# Speedy's impact?



## HoopsAve (Jun 23, 2002)

What can we expect from Speedy Claxton this coming year? What type of PT will he get? Stats?

Im a Philly fan, sorta and I love his game. He has a certain tenacity about him that very few players have. He can slash at will and is a very deft defender if only his size gets in his way at times.


----------



## Brick (Jul 15, 2002)

he'll make an ample backup to parker. porter is still servicable but getting old and daniels is more of a 2 than a point. look for daniels to play some 2 behind smith and ginobilli while speedy takes over the back up point role as the season progresses.


----------



## Spurs4Life (Jul 9, 2002)

If Porter leaves, then I really think Speedy make make a good impact coming off the bench. The trio of Speedy, Tony, and Antonio is (IMO) a good, solid rotation with our PG position. 

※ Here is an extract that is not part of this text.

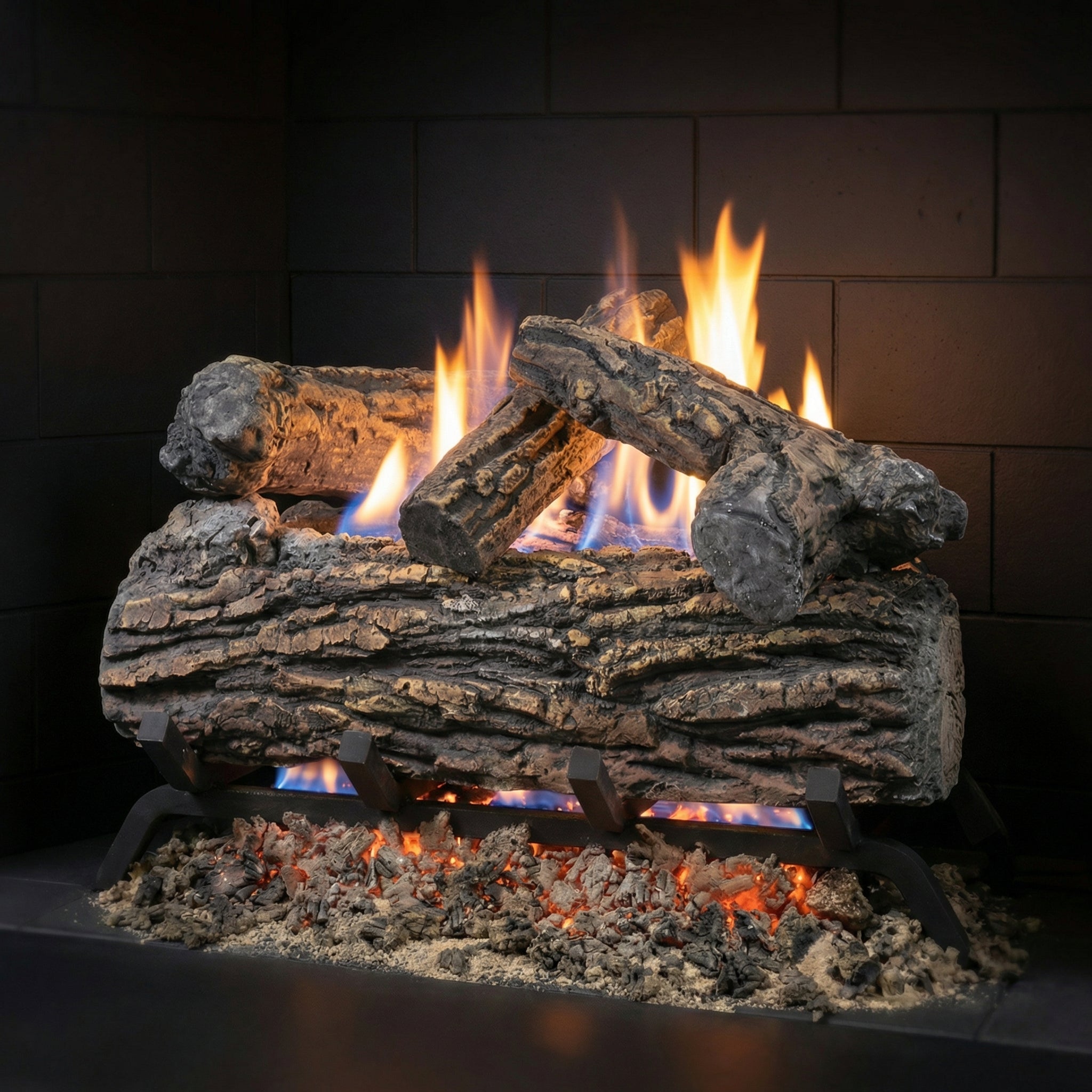 18" Country Oak Gas Log Set | Formation Creation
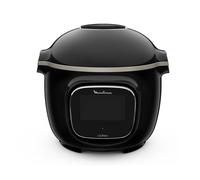 Multicooker intelligente Moulinex ad alta pressione Cookeo Touch Wi-Fi CE902800 1600 W, nero - Nouvo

I predict that Speedy will have a good year with us. Only time will tell!


----------



## spartanfan2003 (Jul 12, 2002)

Speedy will not even start!


----------



## Spurs4Life (Jul 9, 2002)

> Originally posted by *Spartanfan2003 *
> Speedy will not even start!


So?


----------



## hOnDo (Jun 26, 2002)

Speedy is gonna help the Spurs out this year. He has alot of energy and I think he is a good leader.


----------



## allenive21 (Jul 28, 2002)

I don't think that Speedy is a good leader. We know he is quick and fast and shows signs of brillance. He is still young and will continue to improve over the year.


----------